The filter UI available on the site is great if you’re interested in a single country but what if you want to check on 40 countries? Thankfully there’s an straightforward way to do just that with R.
IFES maintains a (little advertised) RSS feed that we can parse into a data.frame and subset to look at countries of interest–in this case the island nation of Comoros. The code is available on Github and I walk through the steps below:
1. Find the feed:
When I first visited electionguide.org, I missed the RSS feed because it’s only advertised near the bottom of the site’s home page and I’d landed on the upcoming elections page via search.
I ultimaetly located the feed by searching “RSS site:electionguide.org”.
2. Parse the XML:
RSS feeds are XML data so we’ll use the R XML package to parse the feed into an R data type called XMLInternalDocument and extract data from the document using a simple helper function. For more details on XML and R, check out this great presentationby Gaston Sanchez.
library(dplyr) # general data manipulation
library(XML) # parse the xml feed
library(countrycode) # working with country names is tough so i like to convert to codes
## parse the raw xml from IFES's Election Guide RSS feed into the R data type XMLInternalDocument
feed_raw <- xmlParse("http://www.electionguide.org/feed/calendar/upcoming", encoding = "UTF-8")
## make a list of the nodes we want to pull out
node_list <- c("//item/title", "//item/link", "//item/description", "//item/pubDate")
## helper function using xpathSApply to extact the value from each node using xmlValue
nodeGet <- function(x) {
x <- xpathSApply(feed_raw, x, xmlValue)
x
}
## apply the function to the list of nodes and turn the result into a data.frame
elect_raw <- as.data.frame(lapply(node_list, nodeGet))
## set the variable names using the original list of nodes
names(elect_raw) <- gsub("//item/", "", node_list)
3. Clean and subset for countries of interest:
This leaves us with a messy data.frame that we’ll clean up using [dplyr](https://cran.rstudio.com/web/packages/dplyr/vignettes/introduction.html)
and regular expressions.

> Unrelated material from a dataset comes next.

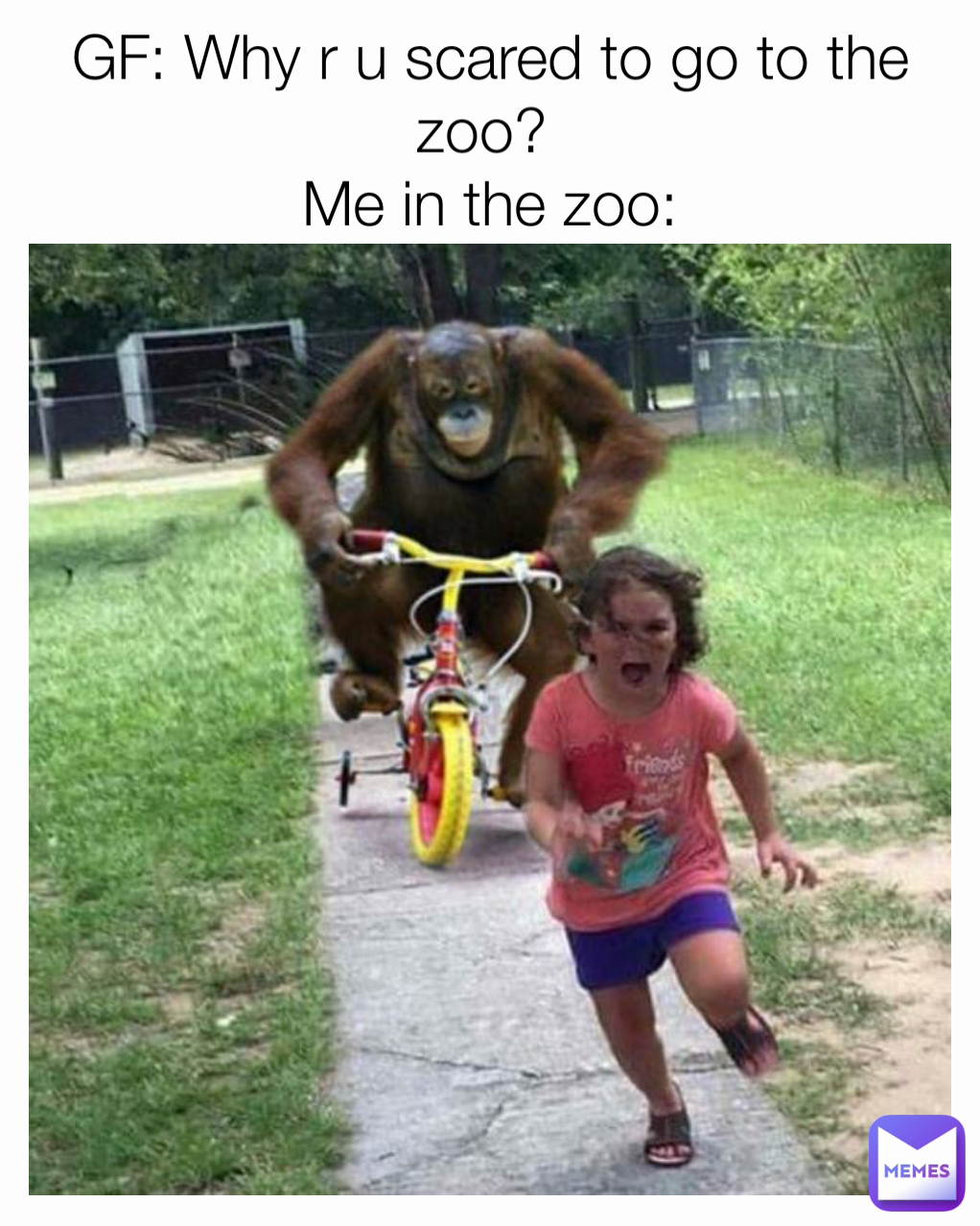 GF: Why r u scared to go to the zoo? 
Me in the zoo:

Once we have the tidy data.frame that we can subset by a vector of countries and write the data out as needed.
## clean up the data with some regex and dplyr
elect <- elect_raw %>%
mutate(country = gsub(":.*", "", title),
iso3c = countrycode(country, "country.name", "iso3c"),
elect.type = gsub(".*:", "", title),
# remove the html from the description
description = gsub("<.*?>| ", "", description),
# because i always forget the symbols for the format argument http://statmethods.net/input/dates.html
date = as.Date(pubDate, format = "%a, %d %b %Y")) %>%
select(country, iso3c, elect.type, date, description, link)
## subset the list by a vector of countries if you have a specific focus:
countries_interest <- countrycode(c("Comoros"), "country.name", "iso3c")
elect %>%
filter(iso3c %in% countries_interest)
I use this script to keep tabs on elections in countries where my organization has investments. When an election takes place, we evaluate how our investee’s coverage compares with other media sources visualize the results results on our Election StoryMap.
Finally, for those that read all this way, Comoros’ next election (as of this post) is a presidential contest in April.